Selling for about $59 each, Color Muse uses technology Variable had earlier developed in a product called the Node, Yu said. That unit had sold for about $400. Yu said the company stripped out everything it could from the Node to get the price down and to focus on color scanning.

"It was a work of love," he said.

Yu said company sales were about $3 million last year and he believes Variable will do "significantly more than that" in 2018. But, he said, what motivates him more than sales is for people to use Color Muse.

According to Variable, Color Muse can find precise color-matched products, including paint, textile, carpet, tile, apparel, accessories and others.

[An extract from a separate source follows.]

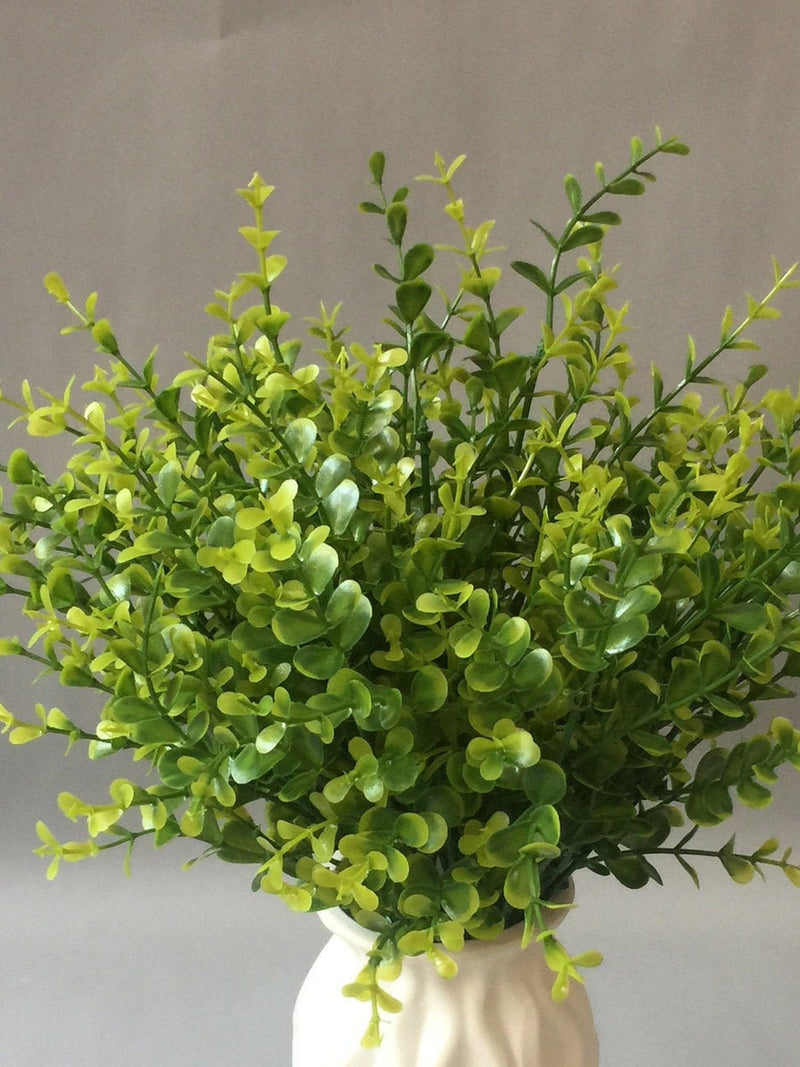 8 Bundles Artificial Grasses Outdoor Fake Eucalyptus Grasses for Decoration No Fade Faux Plastic Plants Garden Porch Window Box DŽcor faux plants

Launched with an app and Bluetooth accessible, Color Muse can create, save and even share project palettes via email or social networks.

Variable claims that color accuracy is better than the human eye and far superior than a camera. In addition to North America, Yu also is aiming to generate sales in Europe and China.

"We've just started exporting to China," said Yu, who himself was born in China but raised in Houston, Texas.

In 2008, after graduating from Georgia Tech with a doctorate in electrical engineering, he worked with NASA to develop smartphone-based toxic gas sensors for the Department of Homeland Security.

About eight years ago, he followed his wife to Chattanooga, who teaches computer science at University of Tennessee at Chattanooga.

In 2012, Variable raised about $76,000 in a Kickstarter campaign. In 2013, CNN said the Node was "the coolest gizmo" it came across at the annual Consumer Electronics Show.

Six years ago, Yu recalls he and his wife were at a store looking at paint colors and "wondering why people were using cards."

Since that time, Yu estimates the company has raised about $6.3 million in funding.

Variable also produces a thermometer for restaurants and grocery stores using sensor technology that by the end of the year will be sold in Whole Foods stores across the United States.